Alternatively, we can try to pass the vector by move.
fn midpoint3(v: Vec<i32>) -> usize { return v.len() / 2; } use std::time::{Instant}; fn main() { // Make a big vector with 1,000,000 elements. let mut my_vec = Vec::with_capacity(1000000); for i in 0..1000000 { my_vec.push(i); } let time = Instant::now(); let mid = midpoint3(my_vec); // pass by move println!("Took {:?}", time.elapsed()); println!("Mid point element is {}", my_vec[mid]); }
Try to compile the above code, you will notice that the compiler produces an error. specifically, that
my_vec can no longer be used after calling midpoint3, because it has been moved! Moving passes ownership of the data
over to the function completely. Moving does not create a new copy of the data, so its performance is close to passing by ref,
at the same time, it allows the function to have full control and ownership of the data, unlike a reference.
We can fix the above compiler error by changing the function slightly, e.g., so that it returns the mid element.
fn midpoint3(v: Vec<i32>) -> i32 { let mid = v[v.len() / 2]; return mid; } use std::time::{Instant}; fn main() { // Make a big vector with 1,000,000 elements. let mut my_vec = Vec::with_capacity(1000000); for i in 0..1000000 { my_vec.push(i); } let time = Instant::now(); let mid = midpoint3(my_vec); // pass by move println!("Took {:?}", time.elapsed()); println!("Mid point element is {}", mid); }
Compared to ref, it may appear like move is slower. In reality, this difference is because move passes ownership of the vector to midpoint3, so, when midpoint3 is complete, the vector goes out of scope and gets freed/destroyed, which takes some time.
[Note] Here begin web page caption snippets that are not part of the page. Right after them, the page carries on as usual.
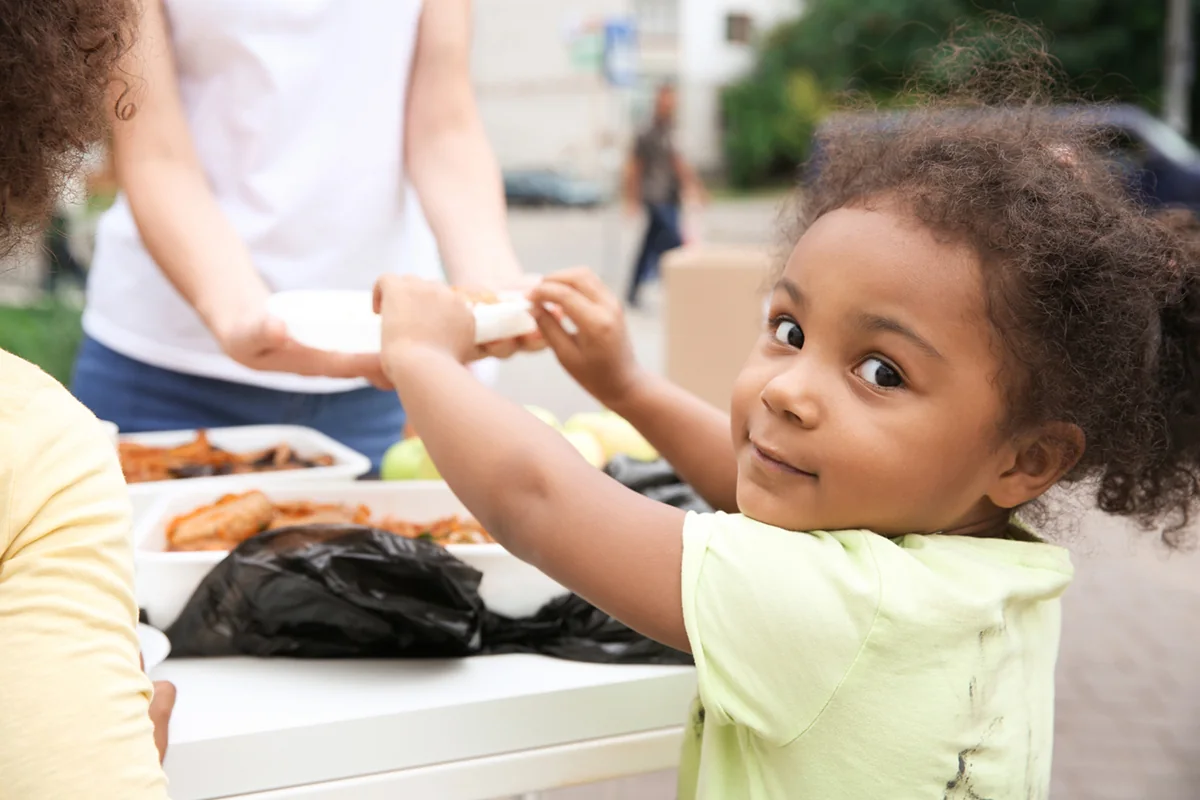 A young student smiling during a community program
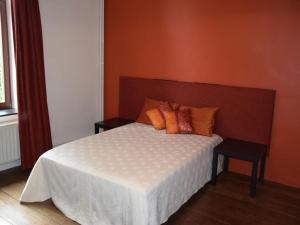 a bedroom with a white bed with orange walls at Grand Family Farmhouse in Anthisnes in Anthisnes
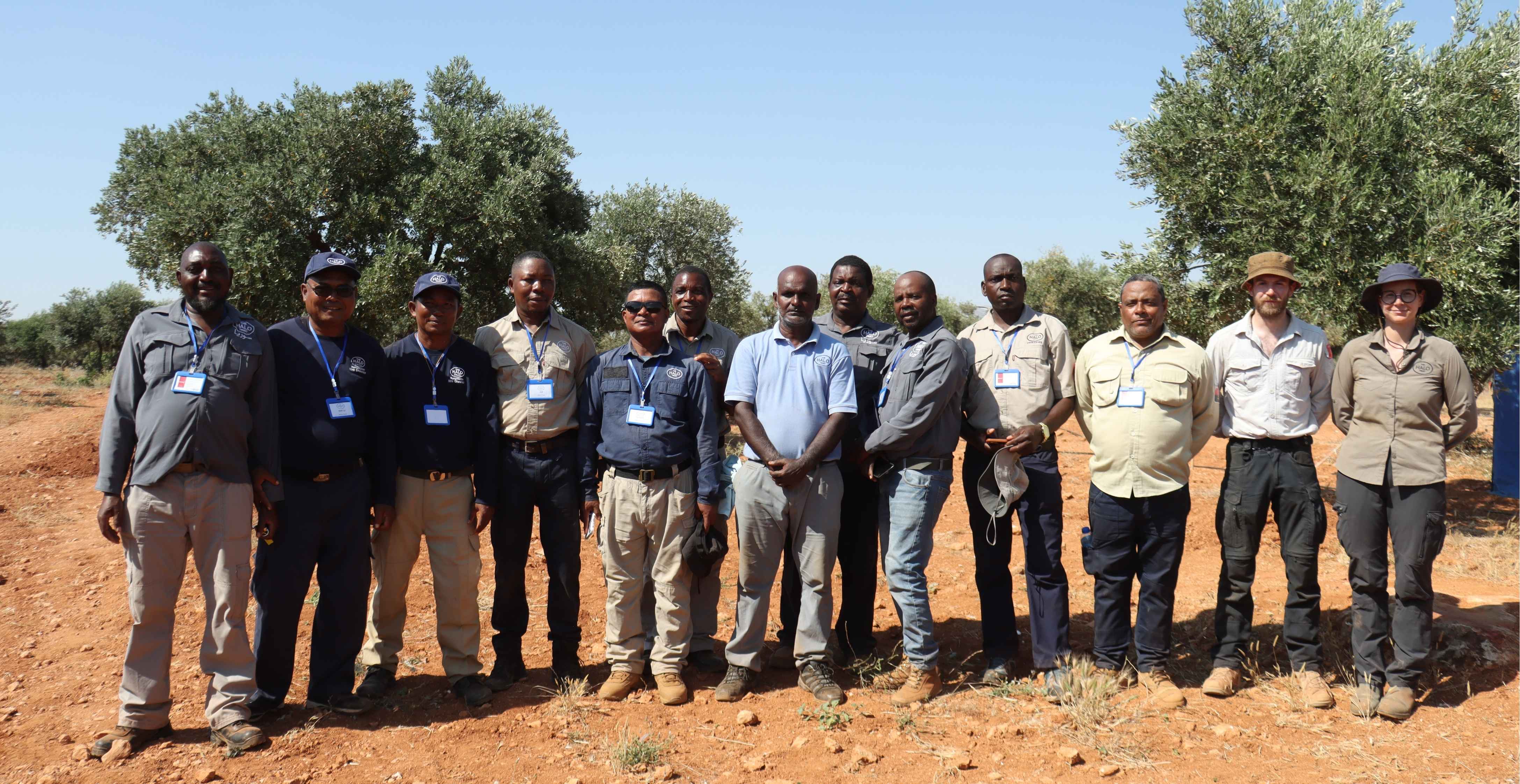 Group of international deminers smiling for the camera in Idlib, Syria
We can ask Rust to not destroy the vector in order to focus on the time required to pass by move only.
fn midpoint3(v: Vec<i32>) -> i32 { let mid = v[v.len() / 2]; // Do not destroy/free v. std::mem::forget(v); return mid; } use std::time::{Instant}; fn main() { // Make a big vector with 1,000,000 elements. let mut my_vec = Vec::with_capacity(1000000); for i in 0..1000000 { my_vec.push(i); } let time = Instant::now(); let mid = midpoint3(my_vec); // pass by move println!("Took {:?}", time.elapsed()); println!("Mid point element is {}", mid); }
Now, the performance of move is comparable to reference.
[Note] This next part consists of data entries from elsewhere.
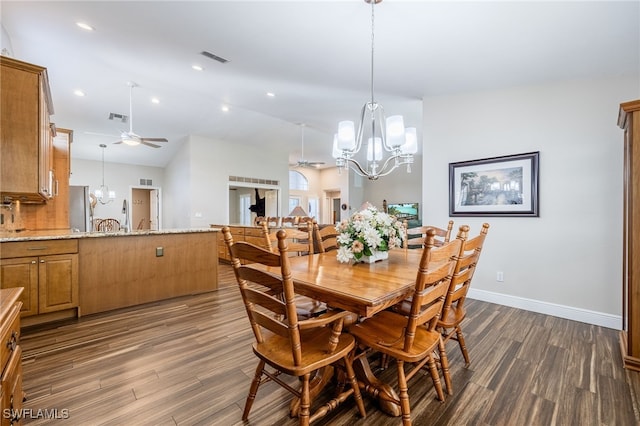 dining space with ceiling fan with notable chandelier, dark wood-style flooring, visible vents, baseboards, and vaulted ceiling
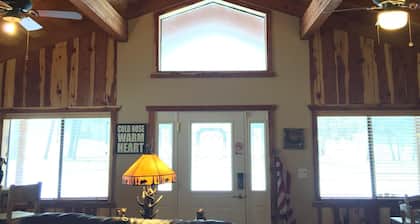 Just steps away from Rainbow Lake in this Dog Friendly Cabin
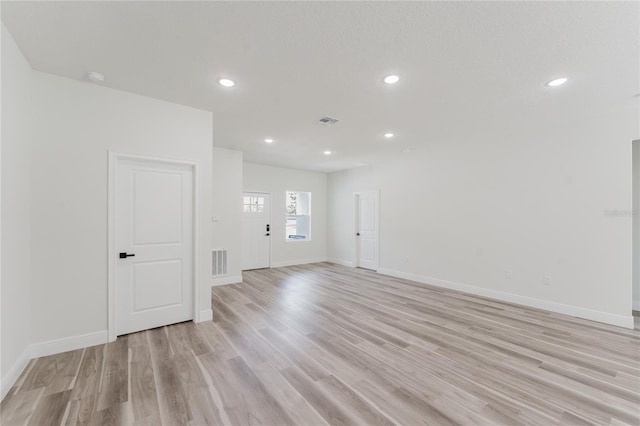 interior space featuring recessed lighting, visible vents, light wood-style flooring, and baseboards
Finally, remember that you can also by data by mut reference, and not just regular reference.
fn add_0_to_vec(v: &mut Vec<i32>) { v.push(0); } fn main() { let mut v: Vec<i32> = Vec::new(); add_0_to_vec(&mut v); // by mut ref println!("{:?}", v); }
In summary, we have the following way to pass data to a function:
- pass by copy/clone:
- pros: gives the function a separate copy of the data it can control and modify without affecting the original data.
- cons: slow and uses extra memory.
- pass by ref:
- pros: very fast.
- cons: if const ref, the function cannot modify the data, if mut ref, the function can modify the data and the changes will affect the original data and original function.
- pass by move:
- pros: very fast and gives the function control and ownership of the data.
- cons: the data is moved to the new function; it cannot be used in the original function again.
Remember these pros and cons! We may ask you about them in the midterm :)
Consider the following exercise questions:
- If you are asked to build a function that prints a given vector. Would you choose to pass the vector by clone, ref (const or mut), or move? Why?
- If you are asked to build a function that removes all even numbers from a vector, how would you pass the vector and why?
- If you are asked to build a function that creates a sorted copy of a vector while keeping the original vector unchanged, how would you pass the vector? why?